In this notebook, I am trying to show that the Inphared files produced within Pharokka sometimes have an incorrect Accession ID for a given phage. 
- **What happens in most cases and is the expected behaviour**: the "Accession" and "contig" columns from the Inphared files have the same matching identifier, which also matches the identifier found in the "contig" columns in other output tsv files from Pharokka.
- **What sometimes happens and seems like a weird bug**: the key in the "contig" column from the Inphared file matches the identifier in all other "contig" columns from all the other Pharokka output files, but the "Accession" ID in the Inphared file corresponds to the identifier of a completely different phage.

In [1]:
import pandas as pd
from Bio import SeqIO
from Bio.SeqFeature import FeatureLocation
from Bio.Seq import UndefinedSequenceError
import os

The script is used to check for mismatches in phage IDs in a folder full of subfolders. Each subfolder has Pharokka output for a specific phage. The problem is, sometimes the Inphared output files have the wrong ID - they show an Accession id that corresponds to different phage (which is also present in the complete full of subfolder, but not here, as the data used only contains a subset of all phages). 

In these cases where the Accession ID seems incorrect in Inphared, the correct ID is actually in the "contig" column of these Inphared files. We can be sure about the fact that the contig column is the correct one because all other files in the Pharokka output contain the same code in their contig columns


In [21]:
# Directory containing the subdirectories
main_directory = '10_folders/'

# Function to create a safe column name from a filename
def safe_column_name(filename):
    return filename.replace('.', '_').replace('-', '_')

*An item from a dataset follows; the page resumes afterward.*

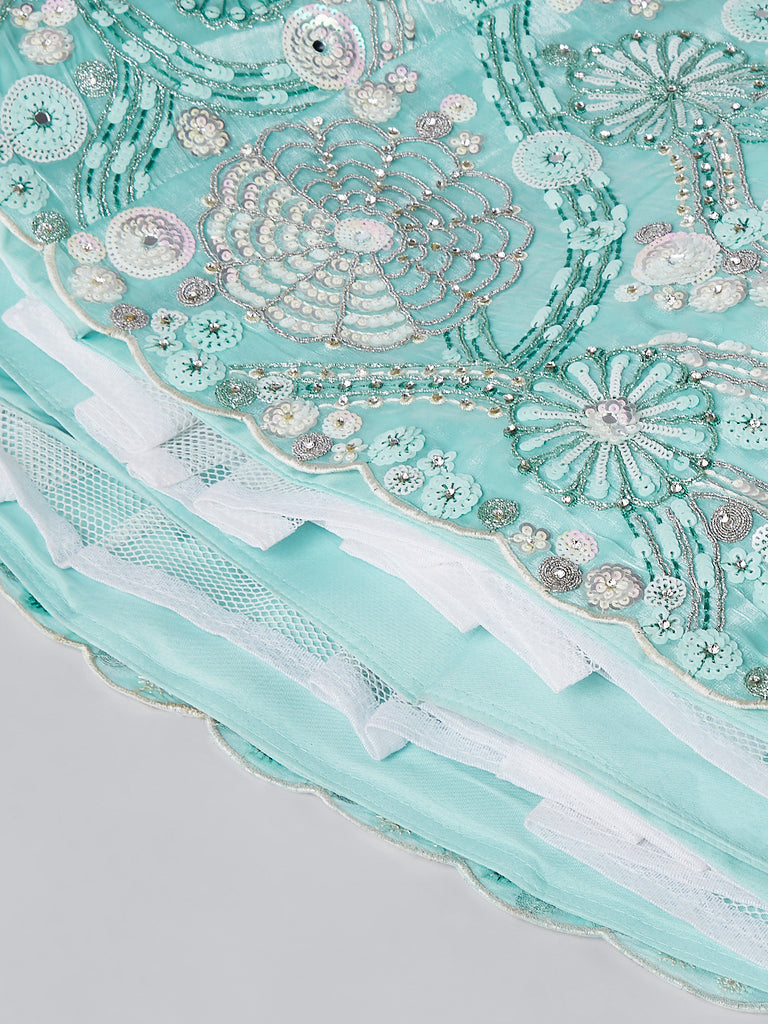 Turquoise blue Organza Sequins, Zarkan and thread embroidery Semi-Stitched Lehenga choli & Dupatta ClothsVilla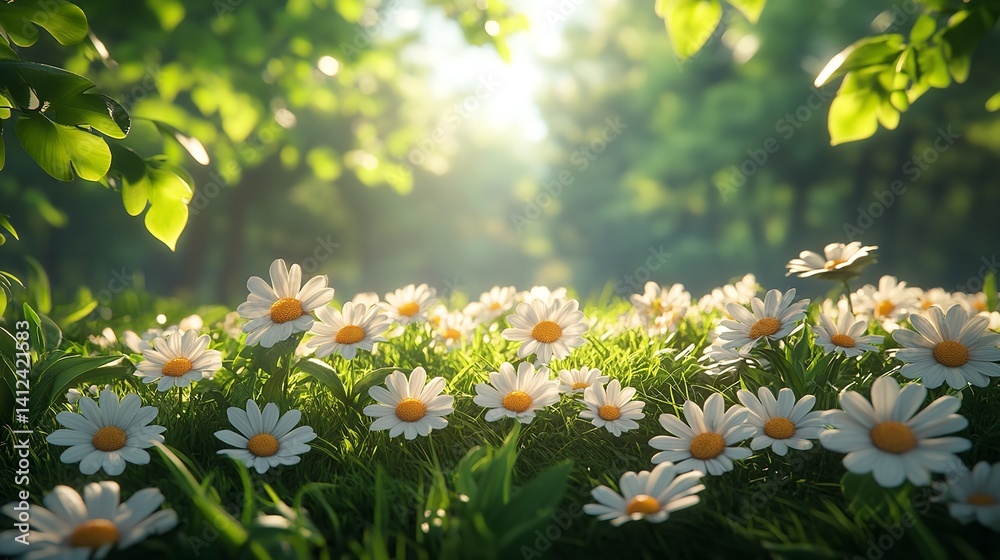 Serene field of daisies bathed in warm sunlight a peaceful meadow scene with lush green grass and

# Process the subdirectories
results = []
for subdir in os.listdir(main_directory):
    subdir_path = os.path.join(main_directory, subdir)
    if os.path.isdir(subdir_path):
        row = {'Subdirectory': subdir}

        # Loop over the files in the subdirectory
        for filename in os.listdir(subdir_path):
            if filename.endswith(".tsv"):
                file_path = os.path.join(subdir_path, filename)

                # Read the TSV file into a DataFrame
                try:
                    df = pd.read_csv(file_path, sep='\t')
                except Exception as e:
                    print(f"Error reading {file_path}: {e}")
                    continue

                # Extract a single 'contig' value
                if 'contig' in df.columns and not df['contig'].empty:
                    contig_col_name = f'contig_{safe_column_name(filename)}'
                    row[contig_col_name] = df['contig'].iloc[0]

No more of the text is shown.